# AIM OF THE TASK
Exact copy, no pictures: repeat the data that follows.
----
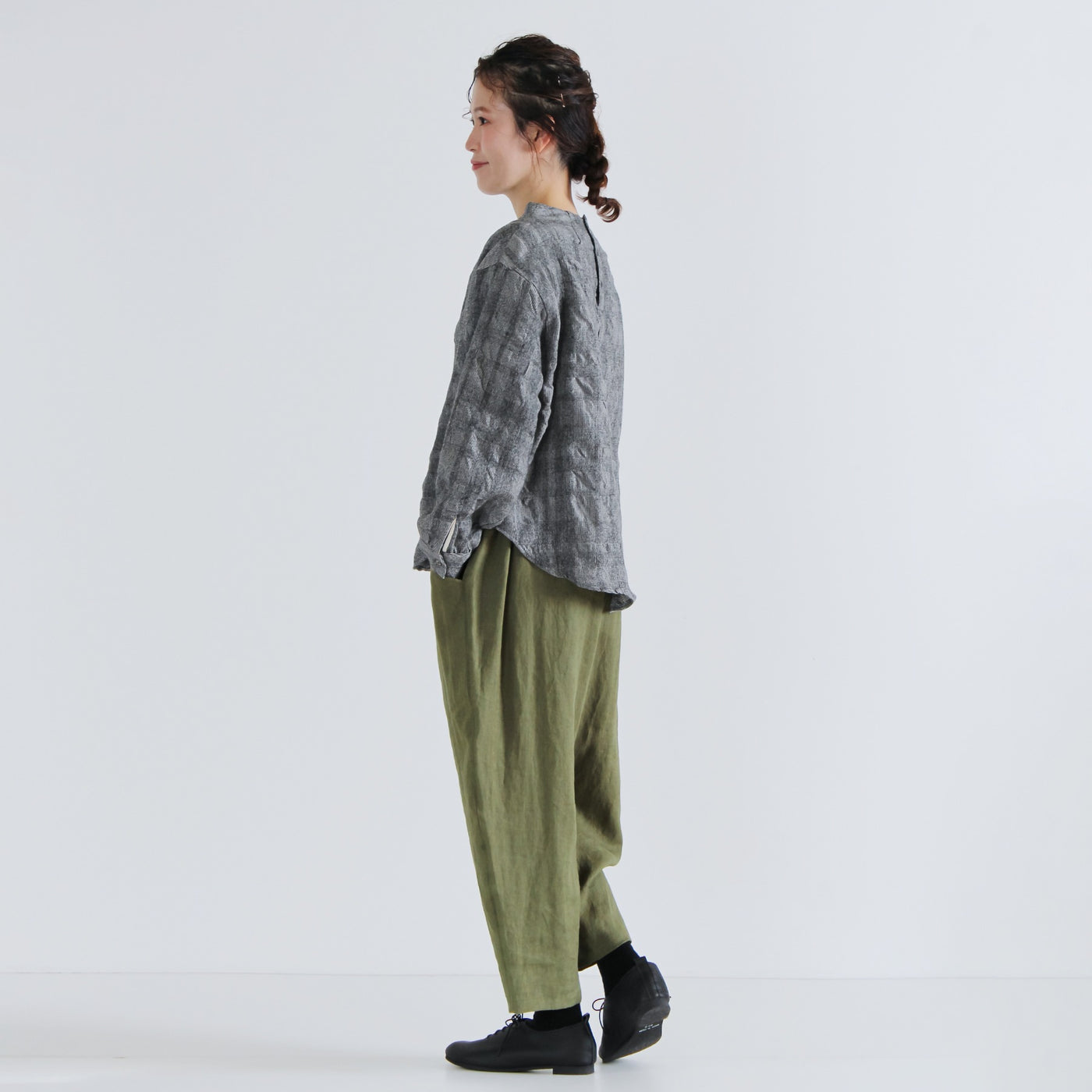 日本製 ウール混 ボトルネックプルオーバー ウールコットンシャーリングチェック使用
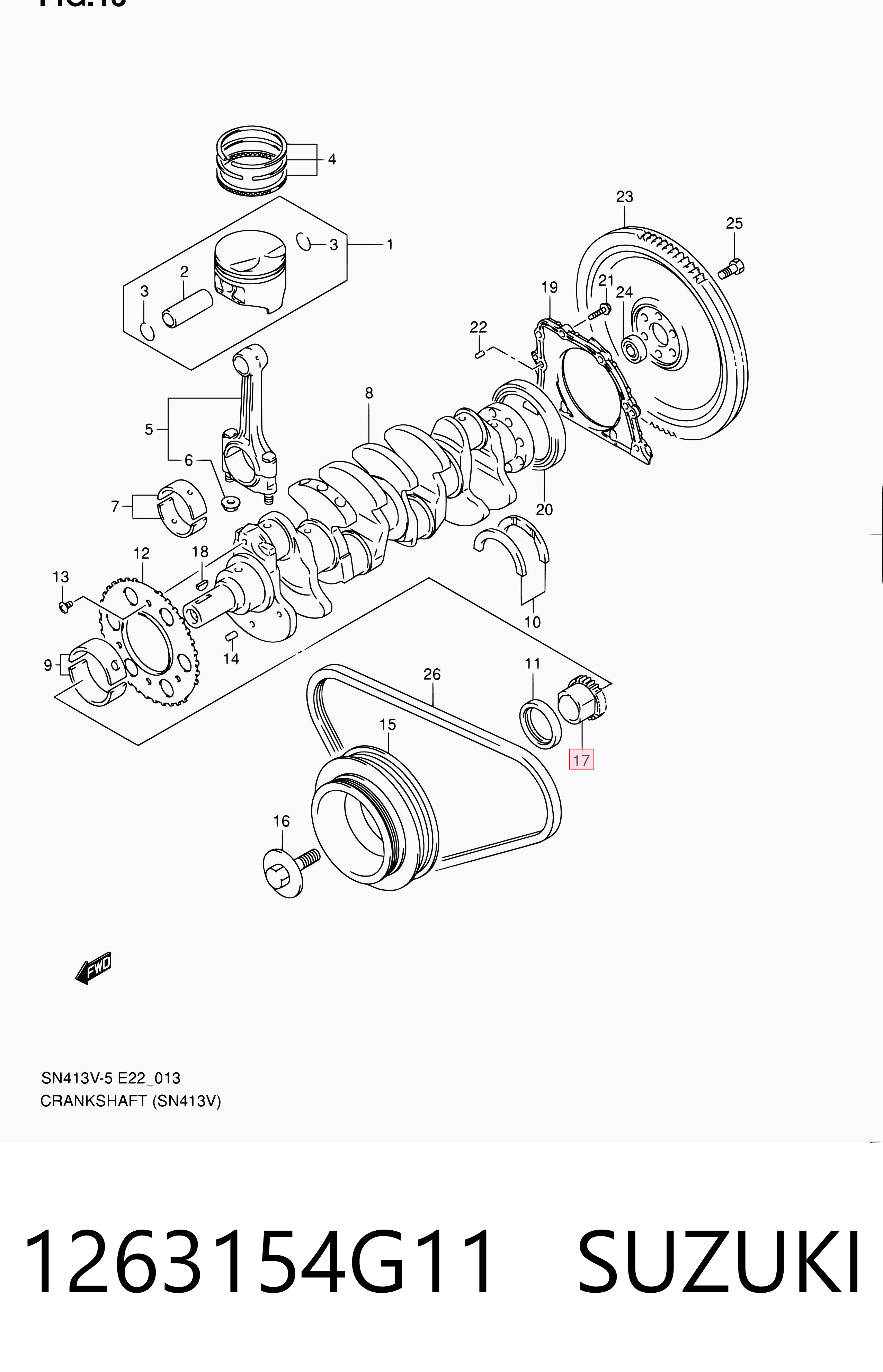 1263154G11 Suzuki Engrenagem de cadeia da roda dentada de acionamento de cambota de motor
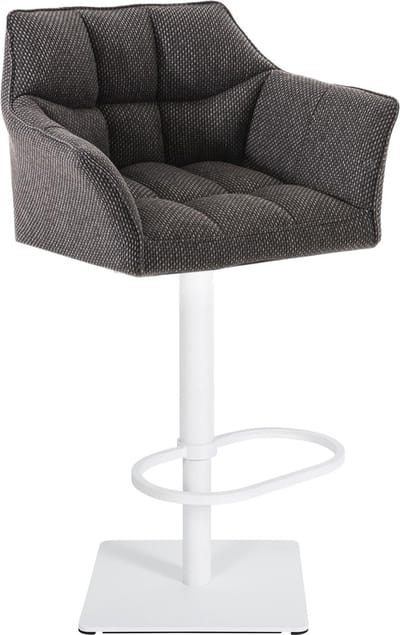 CLP Barkruk Damaso met stoffen bekleding, draaibaar en in hoogte verstelbaar, tot 240 kg wit/titanium grijs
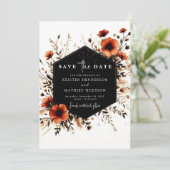 Minimale romantische terracotta bruiloft save the date (Staand voorkant)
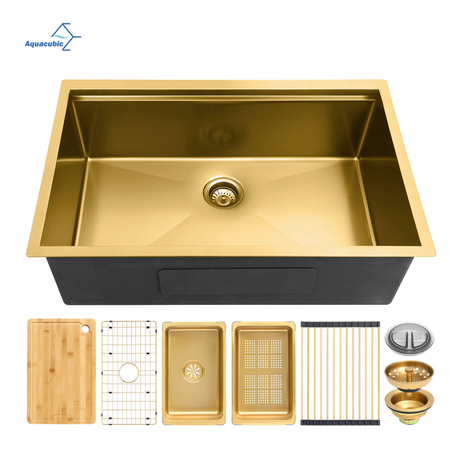 Aquacubic cUPC Luxury PVD Nano Gold Évier de cuisine à cuve unique en acier inoxydable 304 fait à la main avec rebord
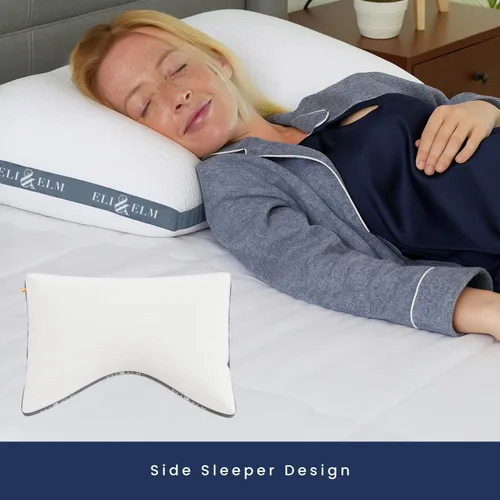 Vista 3 de Eli & Elm La mejor almohada ergonómica para dormir de lado para el dolor de cuello. Relleno de látex refrescante con soporte y funda transpirable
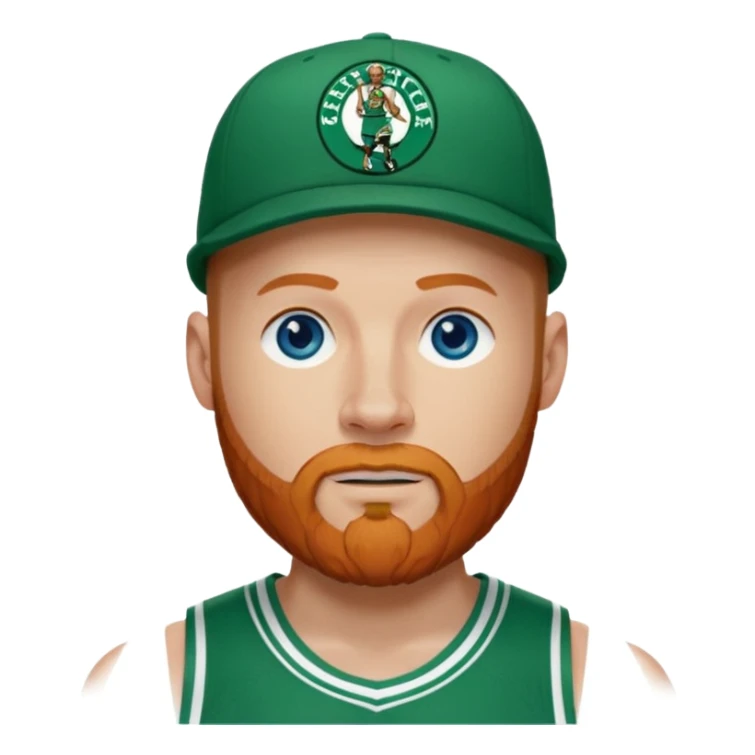 Bald white man with ginger beard, blue eyes in Tatum Boston Celtics basketball jersey. Show front of basketball Jersey and Boston Celtics basketball logo on cap sticker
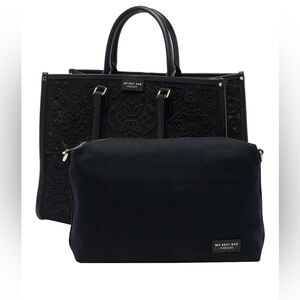 Viola Castellani Crochet Tote & Fabric Crossbody Bag Genuine Leather Black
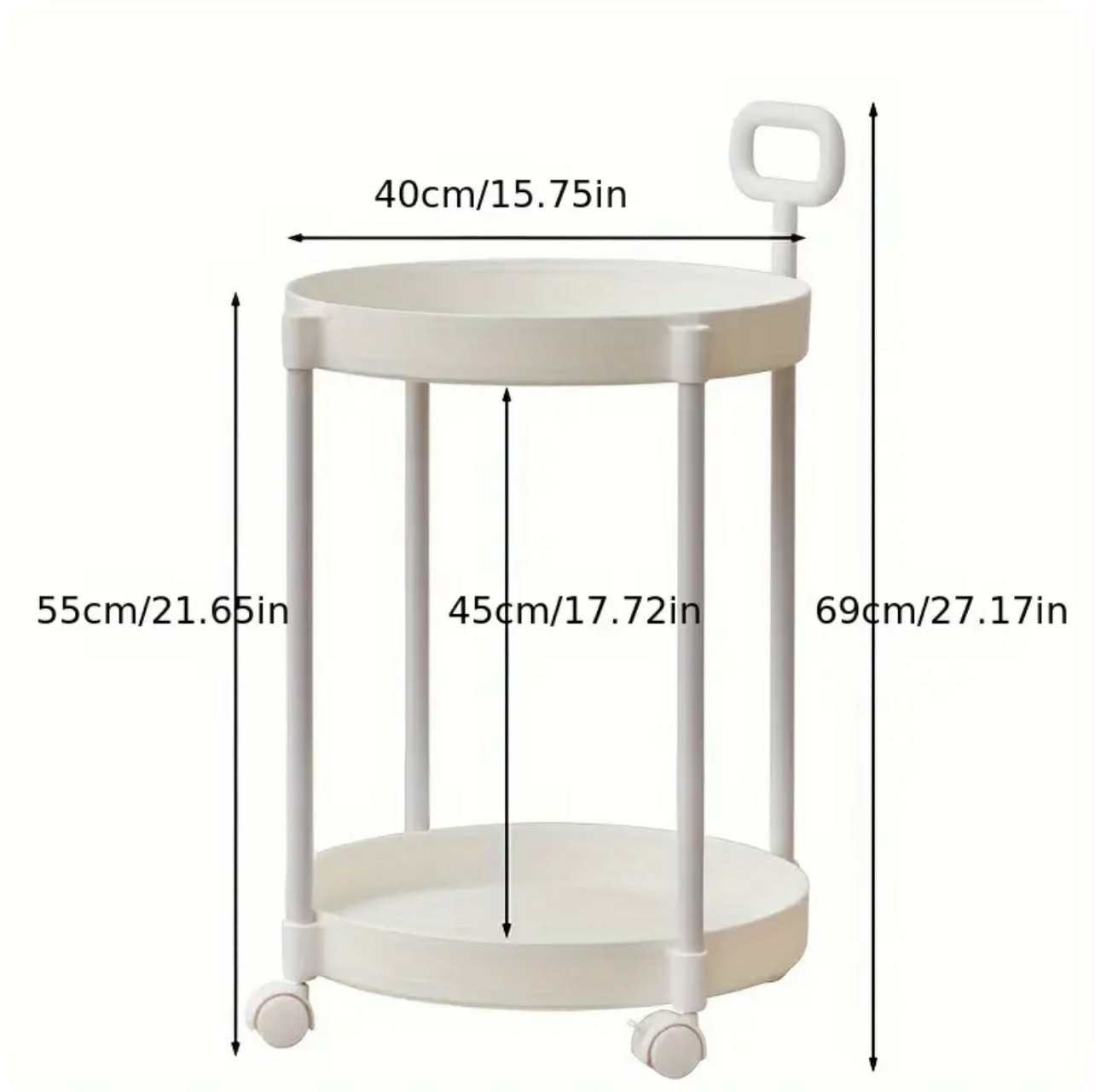 Table basse roulante chic de style crème - Table d'appoint en métal e. - Tables rondes - Photo detail - Livraison Maroc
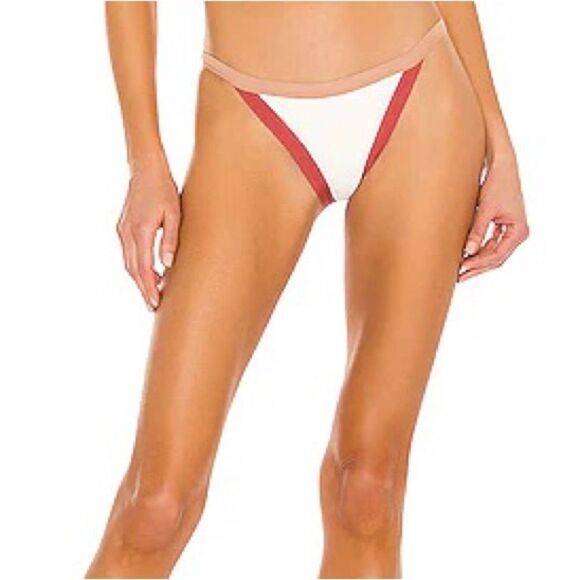 L*SPACE Vacay Ribbed Classic Bikini Bottoms Cream Colorblock Red Tan Size XS New - Picture 1 of 11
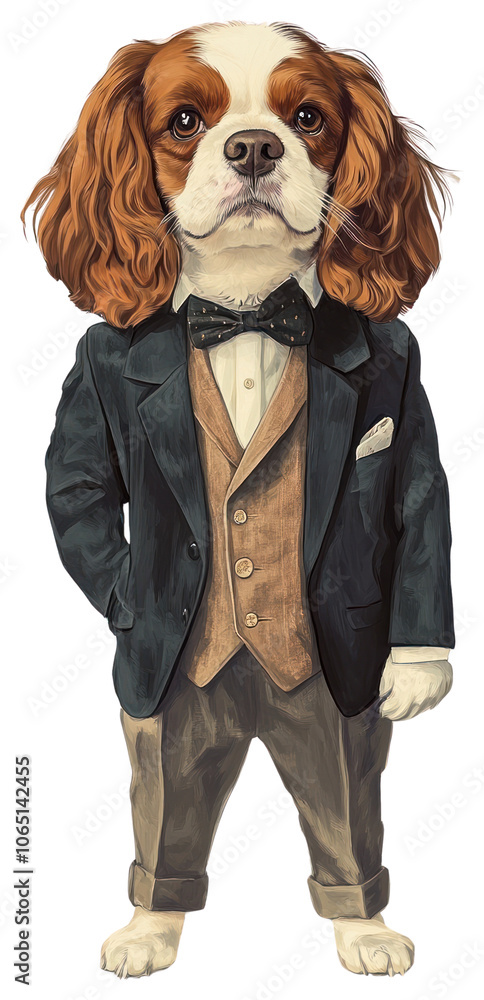 Poster PNG Cavalier King Charles Spaniel dog costumes wearing vintage groom suit animal illustration portrait.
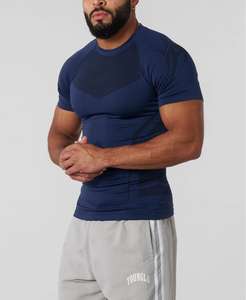 T-shirt pour <span class=keywords><strong>homme</strong></span>, coupe ajustée, idéal pour le jogging, la remise en forme, la course à pied et l'entraînement, vente en gros, fitness, séchage rapide, compression - Product Image 1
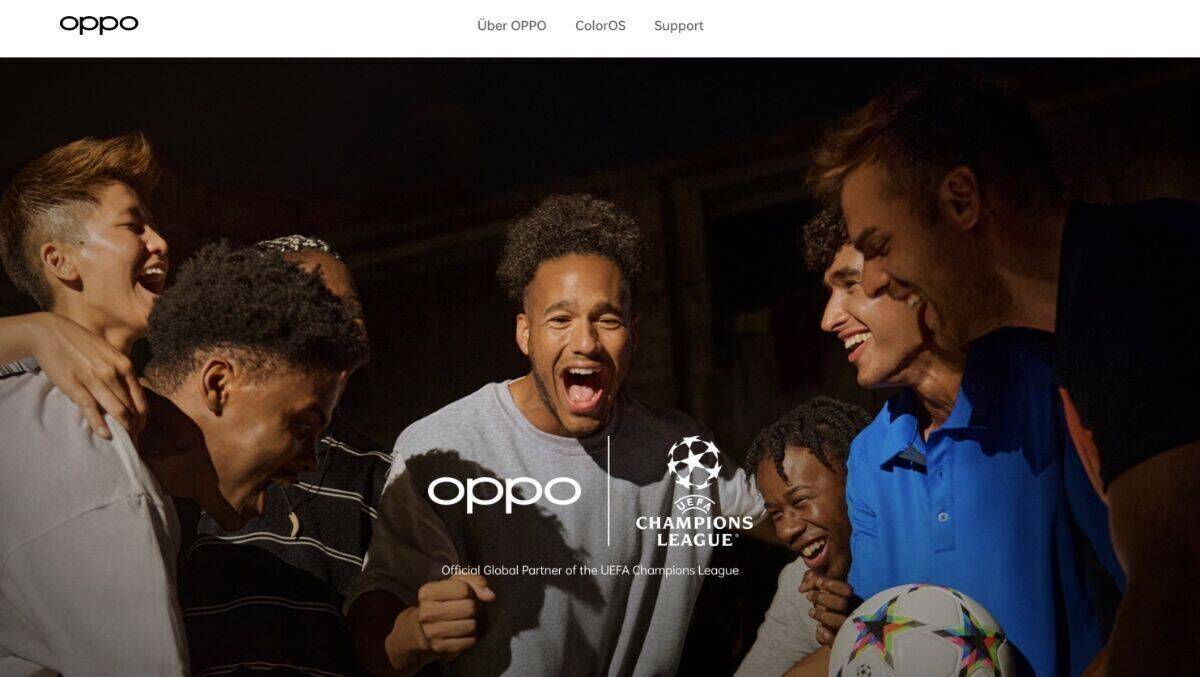 Auf der Website von Oppo sind keine Geräte mehr zu sehen.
----
# SOLUTION
 日本製 ウール混 ボトルネックプルオーバー ウールコットンシャーリングチェック使用
 1263154G11 Suzuki Engrenagem de cadeia da roda dentada de acionamento de cambota de motor
 CLP Barkruk Damaso met stoffen bekleding, draaibaar en in hoogte verstelbaar, tot 240 kg wit/titanium grijs
 Minimale romantische terracotta bruiloft save the date (Staand voorkant)
 Aquacubic cUPC Luxury PVD Nano Gold Évier de cuisine à cuve unique en acier inoxydable 304 fait à la main avec rebord
 Vista 3 de Eli & Elm La mejor almohada ergonómica para dormir de lado para el dolor de cuello. Relleno de látex refrescante con soporte y funda transpirable
 Bald white man with ginger beard, blue eyes in Tatum Boston Celtics basketball jersey. Show front of basketball Jersey and Boston Celtics basketball logo on cap sticker
 Viola Castellani Crochet Tote & Fabric Crossbody Bag Genuine Leather Black
 Table basse roulante chic de style crème - Table d'appoint en métal e. - Tables rondes - Photo detail - Livraison Maroc
 L*SPACE Vacay Ribbed Classic Bikini Bottoms Cream Colorblock Red Tan Size XS New - Picture 1 of 11
 Poster PNG Cavalier King Charles Spaniel dog costumes wearing vintage groom suit animal illustration portrait.
 T-shirt pour <span class=keywords><strong>homme</strong></span>, coupe ajustée, idéal pour le jogging, la remise en forme, la course à pied et l'entraînement, vente en gros, fitness, séchage rapide, compression - Product Image 1
 Auf der Website von Oppo sind keine Geräte mehr zu sehen.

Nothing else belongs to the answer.